Your task ->
Only the lines below from the one that holds "Warmroze hartdraak op wit crossbody tas" through the one that holds "This is a ocean" should appear in the answer, copied exactly, end lines included and pictures omitted.

Entries provided ->
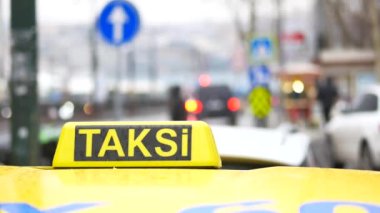 Taxi car in the street. High quality photo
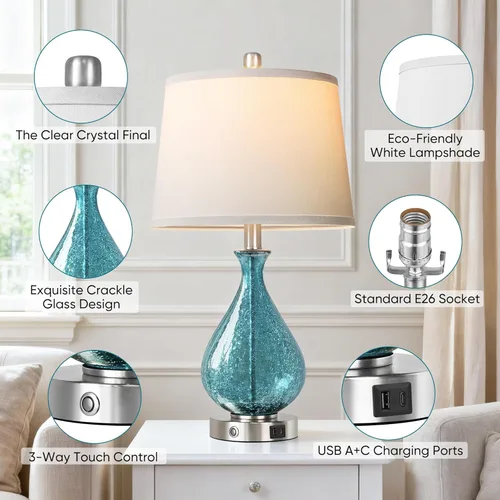 Vista 4 de QiMH Juego de 2 lámparas de mesa de cristal para sala de estar y dormitorio, luz LED de 22.5 pulgadas con control táctil, azul de 3 vías regulables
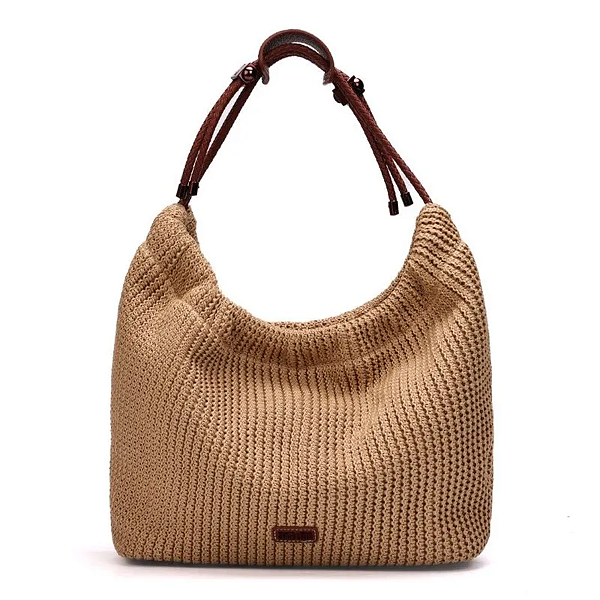 Bolsa Santa Lolla Grande Tramado Alça Ombro Bege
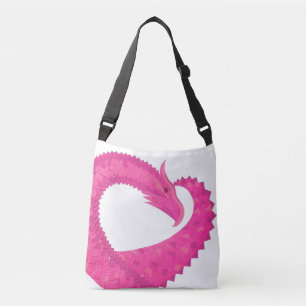 Warmroze hartdraak op wit crossbody tas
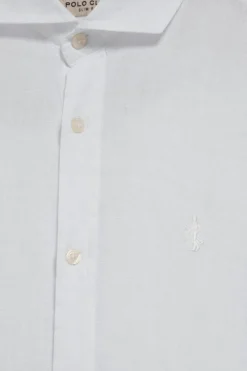Camisa blanca de lino garment dye con bordado Rigby Best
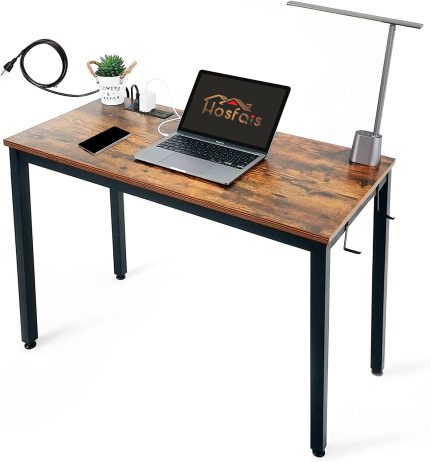 Hosfais Computer Desk 40" with Power Strip Home Office Desktop Table Writing Study Mini Desks Easy Assembly Stable Metal Frame Small Space Workbench Workstation Rustic Brown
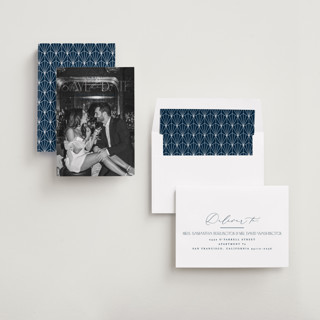 This is a ocean foil stamped save the date cards with foil pressed by Brooke Chandler called elegant fete printing on recycled smooth signature in standard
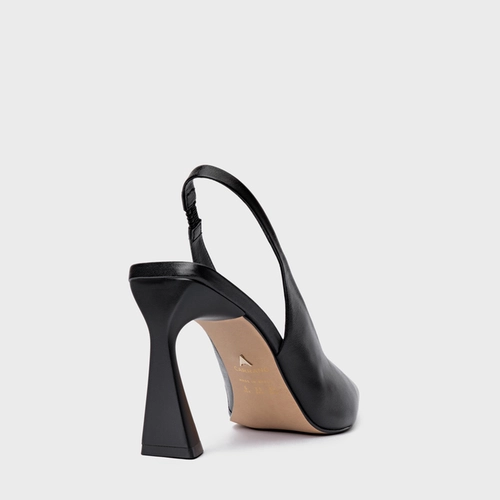 Scarpin Slingback Basic Salto Allure Couro Preto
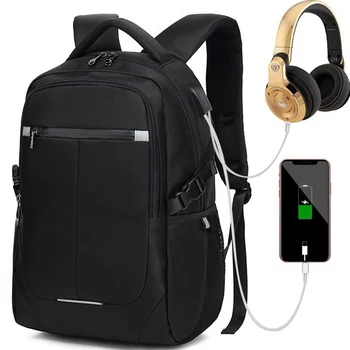 Augstas kvalitātes Vīriešu Backpack 15.6 collu Ceļojuma Atpūtas Biznesa Klēpjdatoru USB Lādētāju, Ūdens Necaurlaidīga Vīriešu Skolas Soma
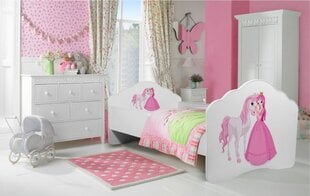 Lastevoodi Adrk Furniture Casimo Princess with horse, 80x160 cm, valge цена и информация | Детские кровати | hansapost.ee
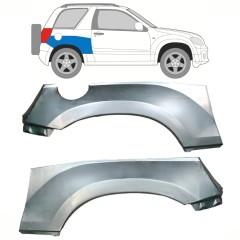 Övre del av bak skärm reparationspanel för Suzuki Grand Vitara 2005-2014 / Vänster+Höger / Set 10267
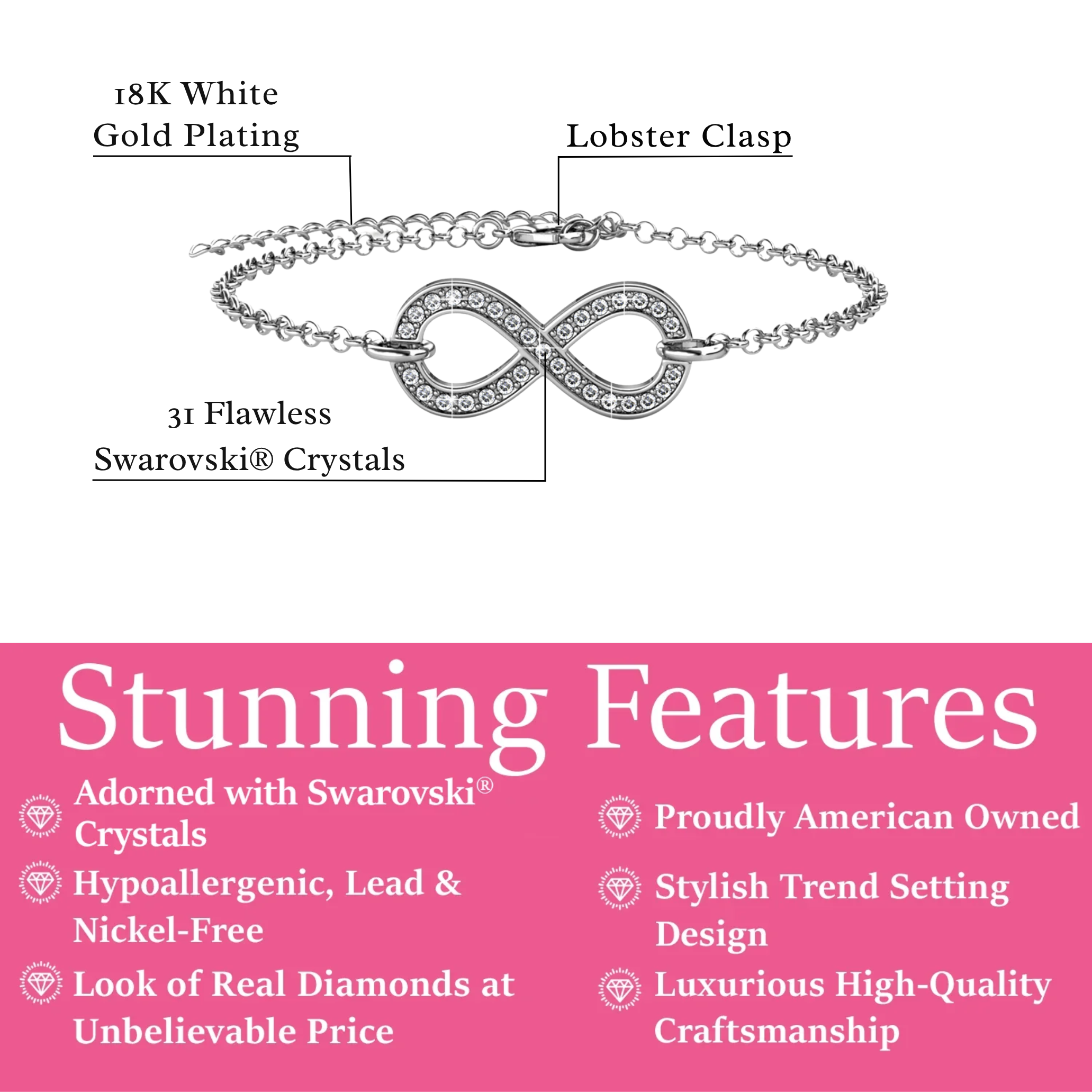 Morgan 18k White Gold Plated Infinity Bracelet with Swarovski Crystals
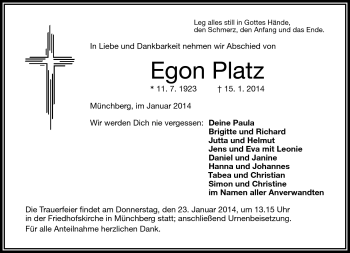Traueranzeige von Egon Platz von Frankenpost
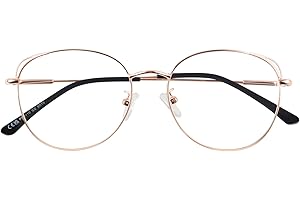 LINVO Fashion Fake Glasses Metal Cat Eye Frame Clear Lens Glasses for Women UV400 Protection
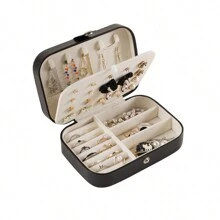 耳环项链大容量优雅简约收纳盒旅行首饰盒收纳盒珠宝首饰耳环戒指 - 黑色 - 查看 4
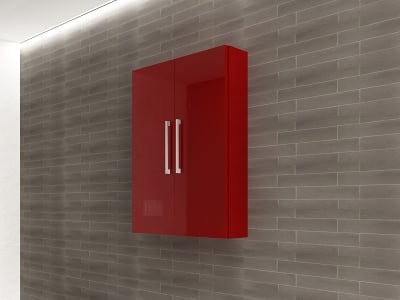 Colectia EOS - Corp Baie EOS Suspendat 2 Uși MDF Bordo Lucios 80x60x15 cm | Mobilier Baie Modern, Premium, Configurabil si Personalizabil - Hulgo Mobili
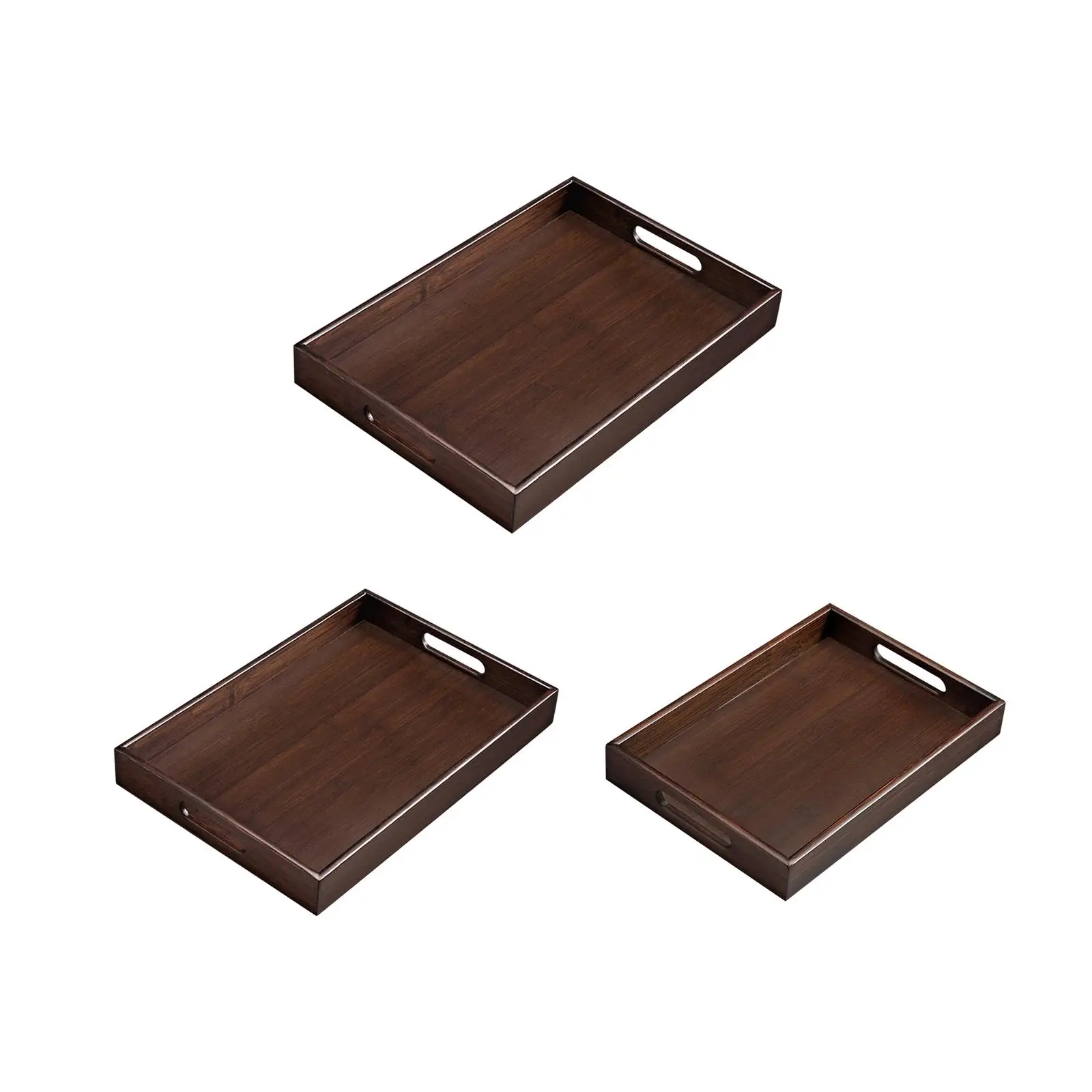 Rustic Serving Trays with Double Handle Appetizer Organizer for Countertop Dining Table Cabinet Home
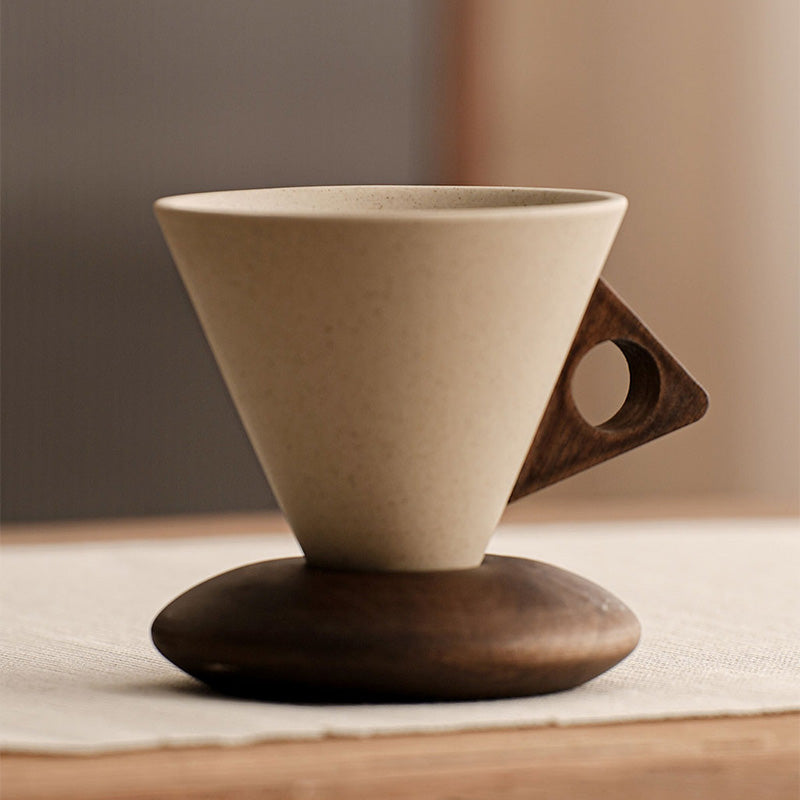 ☕ PROMO FLASH : 50% DE RÉDUCTION ! 🍂 Tasse à Café Vintage – Anse en Bois & Sous-tasse – Poterie Rustique & Émail Mat – 150 ml for Moments Chaleureux ✨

Final answer ->
 Warmroze hartdraak op wit crossbody tas
Camisa blanca de lino garment dye con bordado Rigby Best
 Hosfais Computer Desk 40" with Power Strip Home Office Desktop Table Writing Study Mini Desks Easy Assembly Stable Metal Frame Small Space Workbench Workstation Rustic Brown
 This is a ocean foil stamped save the date cards with foil pressed by Brooke Chandler called elegant fete printing on recycled smooth signature in standard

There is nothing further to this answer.